Authorized Causes for Dismissal of Employee
The two most commonly used grounds for termination of employee are the Authorized Causes under Article 283 and 284 of the Labor Code, and the Just Causes under Article 282. Below are the authorized causes for termination of employment.
As maybe broadly defined, authorized causes for dismissal of employee refer to those lawful grounds for termination which in general do not arise from fault or negligence of the employee. “Authorized causes” are distinguished from “just causes” under Article 282 in that the latter are always based on acts attributable to the employee’s own fault or negligence.
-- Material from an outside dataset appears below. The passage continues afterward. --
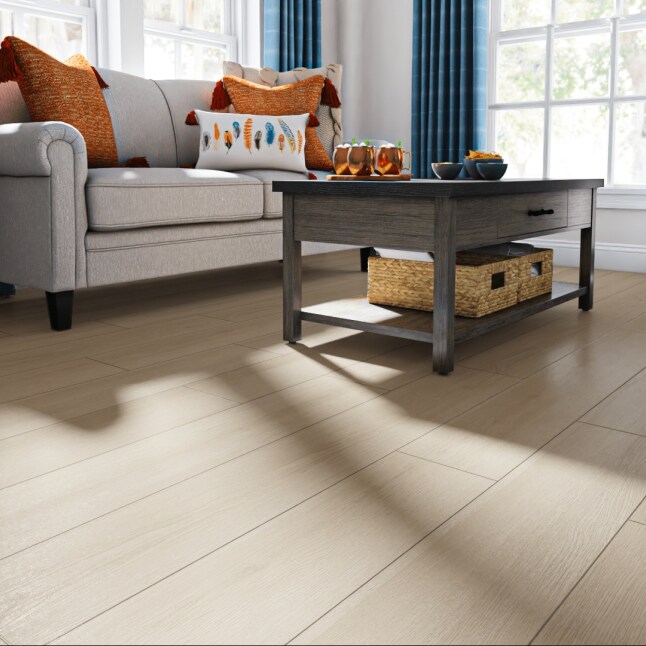 Shaw LX94507194 Vinyl-Plank - View #2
The authorized causes for termination of employee are enumerated under Article 283 and 284 of the Labor Code, as follows:
- Installation of labor-saving devices.The installation of labor-saving devices contemplates the installation of machinery to effect economy and efficiency in the method of production.
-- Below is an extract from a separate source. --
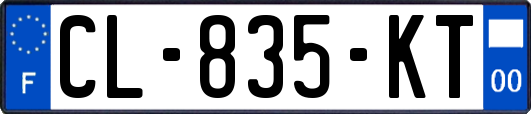 CL-835-KT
- Redundancy.Redundancy exists where the services of an employee are in excess of what is reasonably demanded by the actual requirements of the enterprise. A position is redundant where it superfluous, and superfluity of a position or positions may be the outcome of a number of factors, such as over hiring of workers, decreased of volume business, or dropping of a particular product line or service activity previously manufactured or undertaken by the enterprise.
- Retrenchment to prevent losses. Retrenchment is an economic ground to reduce the number of employees. Retrenchment is the reduction of personnel for the purpose of cutting down on costs of operations in terms of salaries and wages resorted to by an employer because of losses in operation of a business occasioned by lack of work and considerable reduction in the volume of business. It is sometimes also referred to as downsizing. It is aimed at saving a financially ailing business establishment from eventually collapsing.
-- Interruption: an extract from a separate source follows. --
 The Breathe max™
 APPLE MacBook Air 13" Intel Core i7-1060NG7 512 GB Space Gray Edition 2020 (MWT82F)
- Closure or cessation of operation. The closure of a business establishment is a ground for the termination of the services of an employee unless the closing is for the purpose of circumventing pertinent provisions of the Labor Code.
- Disease. An employer may terminate the services of an employee who has been found to be suffering from any disease and whose continued employment is prohibited by law or is prejudicial to his health as well as the health of his co-employees.
It should be noted though that the above enumeration is not an exhaustive list of authorized causes of termination of employment. Valid application of union security clause, relocation of business, among others, may also considered authorized causes of termination.